Stata 11 help for mf_tokenget

help mata tokenget() -------------------------------------------------------------------------------

Title

[M-5] tokenget() -- Advanced parsing

Syntax

t = tokeninit([wchars [, pchars [, qchars [, allownum [, allowhex]]]]])

t = tokeninitstata()

void tokenset(t, real scalar s)

string rowvector tokengetall(t)

string scalar tokenget(t)

string scalar tokenpeek(t)

string scalar tokenrest(t)

real scalar tokenoffset(t)

void tokenoffset(t, real scalar offset)

string scalar tokenwchars(t)

void tokenwchars(t, string scalar wchars)

string rowvector tokenpchars(t)

void tokenpchars(t, string rowvector pchars)

string rowvector tokenqchars(t)

void tokenqchars(t, string rowvector qchars)

real scalar tokenallownum(t)

void tokenallownum(t, real scalar allownum)

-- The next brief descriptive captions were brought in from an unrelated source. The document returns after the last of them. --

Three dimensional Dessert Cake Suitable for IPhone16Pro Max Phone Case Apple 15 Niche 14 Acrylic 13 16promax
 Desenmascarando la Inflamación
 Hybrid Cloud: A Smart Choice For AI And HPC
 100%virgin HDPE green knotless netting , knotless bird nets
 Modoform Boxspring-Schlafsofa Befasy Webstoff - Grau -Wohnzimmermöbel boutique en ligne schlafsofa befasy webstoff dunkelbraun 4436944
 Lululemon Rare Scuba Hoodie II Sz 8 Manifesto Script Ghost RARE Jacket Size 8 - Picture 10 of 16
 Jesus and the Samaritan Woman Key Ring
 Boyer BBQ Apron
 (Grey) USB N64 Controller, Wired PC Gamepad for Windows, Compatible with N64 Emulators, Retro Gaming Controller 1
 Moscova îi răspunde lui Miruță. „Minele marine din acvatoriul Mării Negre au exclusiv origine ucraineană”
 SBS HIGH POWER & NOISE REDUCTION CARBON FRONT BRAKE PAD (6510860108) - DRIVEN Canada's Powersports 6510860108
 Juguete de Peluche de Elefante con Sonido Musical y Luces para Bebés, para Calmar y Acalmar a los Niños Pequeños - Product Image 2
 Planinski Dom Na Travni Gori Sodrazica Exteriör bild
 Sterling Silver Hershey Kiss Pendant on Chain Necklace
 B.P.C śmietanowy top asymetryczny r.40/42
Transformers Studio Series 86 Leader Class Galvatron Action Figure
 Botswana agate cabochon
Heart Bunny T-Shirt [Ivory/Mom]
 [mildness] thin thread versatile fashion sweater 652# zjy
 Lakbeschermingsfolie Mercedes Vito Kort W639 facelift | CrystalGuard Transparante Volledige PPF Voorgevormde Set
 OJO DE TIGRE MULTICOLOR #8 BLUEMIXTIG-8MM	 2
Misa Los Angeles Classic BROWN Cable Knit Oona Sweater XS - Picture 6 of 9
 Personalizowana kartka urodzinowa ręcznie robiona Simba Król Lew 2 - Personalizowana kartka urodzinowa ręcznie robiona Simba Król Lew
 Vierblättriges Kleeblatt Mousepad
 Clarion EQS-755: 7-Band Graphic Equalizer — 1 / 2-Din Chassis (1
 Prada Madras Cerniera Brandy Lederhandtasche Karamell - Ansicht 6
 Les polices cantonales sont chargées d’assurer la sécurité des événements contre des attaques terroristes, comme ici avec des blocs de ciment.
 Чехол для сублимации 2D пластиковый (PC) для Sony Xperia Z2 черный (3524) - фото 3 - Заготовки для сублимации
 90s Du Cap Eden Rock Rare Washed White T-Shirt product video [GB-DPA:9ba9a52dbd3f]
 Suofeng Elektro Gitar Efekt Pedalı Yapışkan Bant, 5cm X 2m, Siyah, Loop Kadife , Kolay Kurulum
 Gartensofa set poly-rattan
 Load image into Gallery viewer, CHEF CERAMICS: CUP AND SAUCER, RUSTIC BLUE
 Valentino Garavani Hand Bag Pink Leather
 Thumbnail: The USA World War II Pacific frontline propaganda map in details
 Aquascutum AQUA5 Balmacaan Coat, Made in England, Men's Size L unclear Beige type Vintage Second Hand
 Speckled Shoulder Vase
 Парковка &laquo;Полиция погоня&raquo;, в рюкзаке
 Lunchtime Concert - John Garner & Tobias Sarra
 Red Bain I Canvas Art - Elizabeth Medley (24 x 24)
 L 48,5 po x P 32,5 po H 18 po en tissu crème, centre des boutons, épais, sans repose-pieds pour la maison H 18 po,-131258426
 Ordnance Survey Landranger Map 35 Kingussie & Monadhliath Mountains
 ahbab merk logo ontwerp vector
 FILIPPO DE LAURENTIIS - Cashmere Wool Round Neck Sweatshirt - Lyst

real scalar tokenallowhex(t)

void tokenallowhex(t, real scalar allowhex)

where

t is transmorphic and contains the parsing environment information. You obtain a t from tokeninit() or tokeninitstata() and then pass t to the other functions.

wchars is a string scalar containing the characters to be treated as white space, such as " ", (" "+char(9)), or "".

pchars is a string rowvector containing the strings to be treated as parsing characters, such as "" and (">", "<", ">=", "<="). "" and J(1,0,"") are given the same interpretation: there are no parsing characters.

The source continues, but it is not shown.